> _What is being asked_: Look for the line that has "T-long High Rise Denim Shorts" in the material below; please repeat it and every line after it, exactly, up to and including the line that has "2021年什么生肖最旺猴", and nothing else.

> _Exercise data_:
= Beginning of Section =

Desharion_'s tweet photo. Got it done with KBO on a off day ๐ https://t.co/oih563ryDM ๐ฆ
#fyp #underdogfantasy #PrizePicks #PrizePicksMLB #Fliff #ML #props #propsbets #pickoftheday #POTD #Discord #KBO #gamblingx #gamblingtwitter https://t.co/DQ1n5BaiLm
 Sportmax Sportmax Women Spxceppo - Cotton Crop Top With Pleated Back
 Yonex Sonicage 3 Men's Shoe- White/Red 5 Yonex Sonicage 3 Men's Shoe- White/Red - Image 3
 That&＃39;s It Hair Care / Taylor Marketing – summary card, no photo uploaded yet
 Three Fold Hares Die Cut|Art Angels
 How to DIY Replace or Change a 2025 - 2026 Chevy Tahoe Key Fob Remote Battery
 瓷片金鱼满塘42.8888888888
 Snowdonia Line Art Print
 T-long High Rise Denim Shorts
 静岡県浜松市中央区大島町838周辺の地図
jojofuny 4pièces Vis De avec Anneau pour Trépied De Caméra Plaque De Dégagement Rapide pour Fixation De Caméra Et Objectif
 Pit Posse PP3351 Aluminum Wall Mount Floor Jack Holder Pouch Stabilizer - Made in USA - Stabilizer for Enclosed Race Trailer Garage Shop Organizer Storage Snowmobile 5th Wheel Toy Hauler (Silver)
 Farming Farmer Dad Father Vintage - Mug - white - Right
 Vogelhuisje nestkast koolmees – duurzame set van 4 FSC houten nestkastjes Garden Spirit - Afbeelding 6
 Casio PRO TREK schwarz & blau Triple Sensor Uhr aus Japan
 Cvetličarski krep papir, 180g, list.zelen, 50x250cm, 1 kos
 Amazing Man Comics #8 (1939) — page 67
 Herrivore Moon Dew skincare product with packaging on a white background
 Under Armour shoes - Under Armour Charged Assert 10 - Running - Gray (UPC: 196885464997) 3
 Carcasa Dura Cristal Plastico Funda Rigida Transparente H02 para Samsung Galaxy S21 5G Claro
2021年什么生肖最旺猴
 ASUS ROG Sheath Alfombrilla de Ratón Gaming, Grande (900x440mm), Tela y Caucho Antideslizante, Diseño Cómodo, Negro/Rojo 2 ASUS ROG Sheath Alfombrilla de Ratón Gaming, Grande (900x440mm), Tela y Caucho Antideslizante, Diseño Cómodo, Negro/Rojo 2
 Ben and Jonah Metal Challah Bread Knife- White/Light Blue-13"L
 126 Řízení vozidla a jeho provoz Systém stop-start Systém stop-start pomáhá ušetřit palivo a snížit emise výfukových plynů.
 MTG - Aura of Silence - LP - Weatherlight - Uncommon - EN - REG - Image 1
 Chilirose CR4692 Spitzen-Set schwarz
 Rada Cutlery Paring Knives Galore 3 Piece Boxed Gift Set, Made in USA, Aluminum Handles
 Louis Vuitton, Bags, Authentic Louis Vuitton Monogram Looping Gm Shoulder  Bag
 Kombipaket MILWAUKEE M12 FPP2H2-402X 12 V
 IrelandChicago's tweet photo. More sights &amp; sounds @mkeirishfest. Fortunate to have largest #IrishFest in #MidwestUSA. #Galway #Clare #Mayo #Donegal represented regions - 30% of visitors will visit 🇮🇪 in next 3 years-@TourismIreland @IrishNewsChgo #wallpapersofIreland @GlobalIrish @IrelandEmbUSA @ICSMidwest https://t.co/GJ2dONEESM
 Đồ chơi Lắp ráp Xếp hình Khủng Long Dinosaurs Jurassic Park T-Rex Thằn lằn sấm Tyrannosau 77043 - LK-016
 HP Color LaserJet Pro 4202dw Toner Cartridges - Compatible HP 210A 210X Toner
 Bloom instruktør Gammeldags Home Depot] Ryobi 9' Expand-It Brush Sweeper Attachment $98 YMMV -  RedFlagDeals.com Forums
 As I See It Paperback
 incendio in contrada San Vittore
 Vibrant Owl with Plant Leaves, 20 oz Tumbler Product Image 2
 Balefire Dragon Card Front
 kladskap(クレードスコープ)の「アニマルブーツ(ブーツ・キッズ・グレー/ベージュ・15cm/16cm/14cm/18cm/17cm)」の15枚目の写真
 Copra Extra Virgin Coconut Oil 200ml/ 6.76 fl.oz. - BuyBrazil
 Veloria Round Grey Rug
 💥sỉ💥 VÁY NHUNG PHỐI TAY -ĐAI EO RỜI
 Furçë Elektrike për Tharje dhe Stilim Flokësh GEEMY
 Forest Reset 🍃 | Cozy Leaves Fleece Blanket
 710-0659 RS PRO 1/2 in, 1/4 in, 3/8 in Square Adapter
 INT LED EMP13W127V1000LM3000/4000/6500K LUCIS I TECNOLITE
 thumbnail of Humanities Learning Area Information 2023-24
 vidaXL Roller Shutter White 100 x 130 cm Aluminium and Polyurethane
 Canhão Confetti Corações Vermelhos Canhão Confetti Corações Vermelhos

= End of Section =

> _Result for this task_:
 T-long High Rise Denim Shorts
 静岡県浜松市中央区大島町838周辺の地図
jojofuny 4pièces Vis De avec Anneau pour Trépied De Caméra Plaque De Dégagement Rapide pour Fixation De Caméra Et Objectif
 Pit Posse PP3351 Aluminum Wall Mount Floor Jack Holder Pouch Stabilizer - Made in USA - Stabilizer for Enclosed Race Trailer Garage Shop Organizer Storage Snowmobile 5th Wheel Toy Hauler (Silver)
 Farming Farmer Dad Father Vintage - Mug - white - Right
 Vogelhuisje nestkast koolmees – duurzame set van 4 FSC houten nestkastjes Garden Spirit - Afbeelding 6
 Casio PRO TREK schwarz & blau Triple Sensor Uhr aus Japan
 Cvetličarski krep papir, 180g, list.zelen, 50x250cm, 1 kos
 Amazing Man Comics #8 (1939) — page 67
 Herrivore Moon Dew skincare product with packaging on a white background
 Under Armour shoes - Under Armour Charged Assert 10 - Running - Gray (UPC: 196885464997) 3
 Carcasa Dura Cristal Plastico Funda Rigida Transparente H02 para Samsung Galaxy S21 5G Claro
2021年什么生肖最旺猴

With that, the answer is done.